Given material
┌────────
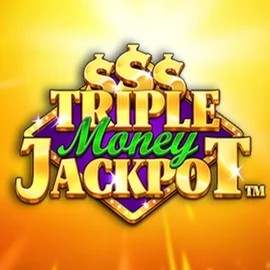 Triple Money Jackpot slot visual from Playtech available on bassbetcasinos-es.com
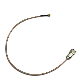  RF SMA Male to SMA-Jw Coaxial Cable 50 Ohm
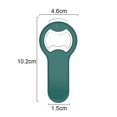 thumbnail image 2 of Llave de trinquete con mango en T Llave Allen hexagonal Yashi verde, 2 of 4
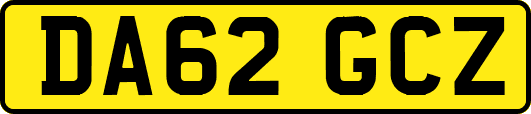 DA62GCZ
└────────
Exercise objective
Copy nothing but the lines above from the one with "RF SMA Male to SMA-Jw Coaxial Cable 50 Ohm" through the end of the material, word for word, and drop the pictures.

Solution to the exercise
  RF SMA Male to SMA-Jw Coaxial Cable 50 Ohm
 thumbnail image 2 of Llave de trinquete con mango en T Llave Allen hexagonal Yashi verde, 2 of 4
 DA62GCZ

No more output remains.